TODI – “La speranza ha due bellissimi figli: lo sdegno e il coraggio”: con questa citazione di Sant’Agostino si apre uno dei capitoli de “Il coraggio. Vivere, amare, educare”, il nuovo libro che Paolo Crepet, noto psichiatra e sociologo, ha presentato lo scorso 11 gennaio al Teatro comunale di Todi.
Per fronteggiare “la più grande urgenza sociale odierna”, Paolo Crepet propone a genitori, educatori e, in particolare, a quei “nativi digitali” che si accingono a esplorare la propria esistenza in una società ipertecnologica, un “ipotetico inventario” di alcune declinazioni del coraggio in vari ambiti dell’esperienza umana: il coraggio di educare, di dire no, di ricominciare, di avere paura, di scrivere, di immaginare, di creare.
Nato a Torino nel 1951, Paolo Crepet si laurea in chirurgia e psichiatria all’Università di Padova e in sociologia all’Università di Urbino. Durante i suoi studi, conosce Franco Basaglia, che diventerà suo maestro e, come lo stesso Crepet l’ha definito, “un secondo padre”. Nel 2015 vince il premio letterario La Tore Isola d’Elba, nella sua bibliografia ha un attivo di oltre 30 libri pubblicati assieme a varie prefazioni ed interventi in saggi nazionali ed internazionali.

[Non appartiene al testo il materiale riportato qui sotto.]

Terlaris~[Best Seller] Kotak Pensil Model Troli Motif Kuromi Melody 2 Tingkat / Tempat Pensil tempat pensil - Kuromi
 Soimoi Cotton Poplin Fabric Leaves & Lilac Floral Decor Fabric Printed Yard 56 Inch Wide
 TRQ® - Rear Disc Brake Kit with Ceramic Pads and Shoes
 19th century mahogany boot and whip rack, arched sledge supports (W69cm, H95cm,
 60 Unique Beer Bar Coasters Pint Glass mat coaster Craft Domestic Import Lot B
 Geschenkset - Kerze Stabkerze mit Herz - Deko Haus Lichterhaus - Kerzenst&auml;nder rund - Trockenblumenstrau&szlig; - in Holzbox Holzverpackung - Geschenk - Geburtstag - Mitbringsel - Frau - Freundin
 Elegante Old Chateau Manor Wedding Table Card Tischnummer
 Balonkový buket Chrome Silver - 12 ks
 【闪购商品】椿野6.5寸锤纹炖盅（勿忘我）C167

Con lui abbiamo parlato subito prima dell’incontro.
Cosa è per lei il coraggio?
«Il coraggio è come l’aria che si respira: non puoi fare nulla senza. A fare copia e incolla non ci vuole alcuno sforzo, e ciò è mediocre. Ognuno è sulla Terra per lasciare un segno unico ed inimitabile, come Basaglia, padre di una lotta per i diritti dei cittadini e dell’omonima legge che quarant’anni fa sancì l’abolizione dei manicomi e l’introduzione del trattamento sanitario obbligatorio, non ha mai fatto politica diretta e deve essere ricordato solamente per il coraggio dimostrato, andando contro un’ intera mentalità».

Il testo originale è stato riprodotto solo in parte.